Furthermore, it was submitted on behalf of the respondent that an allegation of bias or likelihood of bias against a trial court is a very serious matter as it can be a disqualifying factor of such a Judge in the matter. Consequently, an appellate court faced with such an allegation must look for a strong and cogent evi4ence or proof of such an allegation before accepting or sanctioning it. See MFA Vs Inongha (2005) 7 NWLR (Pt 923) 1 at 25-26 Paras G-A and Apavex Int Co Ltd Vs IBWA (1994) 5 NWLR (Pt.347-8) 685 at 701 Paras F; Adeniran Vs Ashabi (2004) 2 NWLR (Pt 857) 375 at 392 Paras D-G.
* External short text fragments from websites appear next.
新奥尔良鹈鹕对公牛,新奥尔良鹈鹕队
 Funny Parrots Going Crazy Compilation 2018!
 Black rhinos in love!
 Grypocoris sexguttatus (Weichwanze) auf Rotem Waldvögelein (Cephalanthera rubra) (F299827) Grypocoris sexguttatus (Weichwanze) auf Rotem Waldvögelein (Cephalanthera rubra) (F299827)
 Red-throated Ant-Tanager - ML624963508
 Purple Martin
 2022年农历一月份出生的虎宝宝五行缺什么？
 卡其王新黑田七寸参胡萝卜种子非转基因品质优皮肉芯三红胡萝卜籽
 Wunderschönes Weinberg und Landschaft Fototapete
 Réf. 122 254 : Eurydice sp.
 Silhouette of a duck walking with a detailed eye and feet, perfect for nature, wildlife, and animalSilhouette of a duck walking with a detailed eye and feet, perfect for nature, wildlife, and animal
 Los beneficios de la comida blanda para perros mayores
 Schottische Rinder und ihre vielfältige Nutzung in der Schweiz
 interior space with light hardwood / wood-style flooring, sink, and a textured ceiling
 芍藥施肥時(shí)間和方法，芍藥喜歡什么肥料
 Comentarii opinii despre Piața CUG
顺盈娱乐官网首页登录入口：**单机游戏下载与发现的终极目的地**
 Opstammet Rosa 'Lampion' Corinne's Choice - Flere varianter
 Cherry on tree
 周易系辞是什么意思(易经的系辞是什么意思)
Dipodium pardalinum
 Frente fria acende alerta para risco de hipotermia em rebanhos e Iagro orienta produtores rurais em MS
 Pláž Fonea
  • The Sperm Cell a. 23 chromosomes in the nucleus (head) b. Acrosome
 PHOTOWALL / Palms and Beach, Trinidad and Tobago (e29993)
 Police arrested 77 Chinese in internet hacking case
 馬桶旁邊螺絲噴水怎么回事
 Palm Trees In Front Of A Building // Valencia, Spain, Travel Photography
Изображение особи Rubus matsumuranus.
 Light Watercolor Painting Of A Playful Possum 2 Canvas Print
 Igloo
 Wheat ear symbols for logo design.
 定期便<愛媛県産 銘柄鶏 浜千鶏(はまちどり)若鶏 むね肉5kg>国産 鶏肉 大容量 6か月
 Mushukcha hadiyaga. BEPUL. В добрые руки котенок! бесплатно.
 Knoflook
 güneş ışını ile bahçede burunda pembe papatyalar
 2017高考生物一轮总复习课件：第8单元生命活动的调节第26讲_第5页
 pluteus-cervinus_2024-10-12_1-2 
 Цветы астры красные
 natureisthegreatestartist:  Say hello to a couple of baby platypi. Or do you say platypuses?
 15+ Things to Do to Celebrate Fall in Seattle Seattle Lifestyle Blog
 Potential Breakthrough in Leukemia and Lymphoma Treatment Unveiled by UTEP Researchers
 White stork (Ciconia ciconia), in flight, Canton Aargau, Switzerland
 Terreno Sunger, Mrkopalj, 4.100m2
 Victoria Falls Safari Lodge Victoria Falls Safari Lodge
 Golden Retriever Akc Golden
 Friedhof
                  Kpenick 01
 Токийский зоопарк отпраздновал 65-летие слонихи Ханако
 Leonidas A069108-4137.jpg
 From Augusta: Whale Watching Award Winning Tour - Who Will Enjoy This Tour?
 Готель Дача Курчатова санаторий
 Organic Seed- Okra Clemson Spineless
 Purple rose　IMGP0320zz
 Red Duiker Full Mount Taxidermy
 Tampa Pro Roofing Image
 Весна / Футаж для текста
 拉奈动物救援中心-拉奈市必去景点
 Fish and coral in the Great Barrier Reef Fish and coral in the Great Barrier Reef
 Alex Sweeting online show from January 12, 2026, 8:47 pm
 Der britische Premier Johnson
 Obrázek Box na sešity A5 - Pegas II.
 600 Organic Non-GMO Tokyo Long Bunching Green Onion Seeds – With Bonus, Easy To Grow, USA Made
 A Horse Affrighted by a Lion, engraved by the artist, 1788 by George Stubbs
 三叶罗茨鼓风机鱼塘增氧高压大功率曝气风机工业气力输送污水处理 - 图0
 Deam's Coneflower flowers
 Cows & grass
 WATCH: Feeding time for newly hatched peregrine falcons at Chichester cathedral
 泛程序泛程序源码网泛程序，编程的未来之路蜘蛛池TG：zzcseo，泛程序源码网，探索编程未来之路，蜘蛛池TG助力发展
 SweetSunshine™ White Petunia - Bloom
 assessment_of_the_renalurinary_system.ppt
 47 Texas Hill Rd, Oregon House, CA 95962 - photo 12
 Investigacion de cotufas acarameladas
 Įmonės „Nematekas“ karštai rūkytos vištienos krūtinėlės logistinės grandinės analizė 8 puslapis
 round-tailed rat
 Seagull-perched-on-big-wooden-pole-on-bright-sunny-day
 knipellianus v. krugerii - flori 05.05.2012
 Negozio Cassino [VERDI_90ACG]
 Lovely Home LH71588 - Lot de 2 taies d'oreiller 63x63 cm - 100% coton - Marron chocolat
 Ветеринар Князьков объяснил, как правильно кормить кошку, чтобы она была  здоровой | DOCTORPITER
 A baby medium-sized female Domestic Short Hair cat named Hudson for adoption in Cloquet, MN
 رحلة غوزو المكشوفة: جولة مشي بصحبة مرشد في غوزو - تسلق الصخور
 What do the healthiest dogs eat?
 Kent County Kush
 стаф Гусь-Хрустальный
On relevant consideration for determining existence of real likelihood of bias respondent’s counsel referred to the Supreme Court decision in Abiola Vs Federal Republic of Nigeria (1995) 7 NWLR (Pt 405) 1 at 14 paras D-E. What the court looks at is the impression of right minded people. If reasonable people would think that, in the circumstances of the case, there was a real likelihood of bias, then the decision cannot stand, the basis of this is that Justice must be rooted in confidence and confidence is destroyed when right minded people go away with the impression that the Judge was biased. See Comm. For Local Government etc Vs Ezemuokwe (1991) 3 NWLR (Pt 181) 615.

It was contended that the appellant’s allegation against the trial Judge in the present appeal is not just unfounded but unfair, mischievous and calculated attempt to delay the course of Justice in the extradition of the appellant. See Ajibola Vs Popoola (1997) 4 NWLR (Pt 498) 206 at 214 Paras A-B. Learned counsel further contended that the Judge in this case did not express any hostile opinion against the appellant and neither has he indicated partisanship in the matter. There must be real likelihood of bias, surmise or conjecture is not enough. See Apex Court decision in Onigbede Vs Balogun (2002) 6 NWLR (Pt 762) 1 at 22-23 Para C-A. It was further submitted that none of the situations mentioned in the case of PDP Vs KSIEC (2005) 15 NWLR (Pt 948) 230 at 255 Paras G and Udo Vs CSNC (2001) (Pt 732) 116 at 150 Paras G applies to the circumstances in the case at hand.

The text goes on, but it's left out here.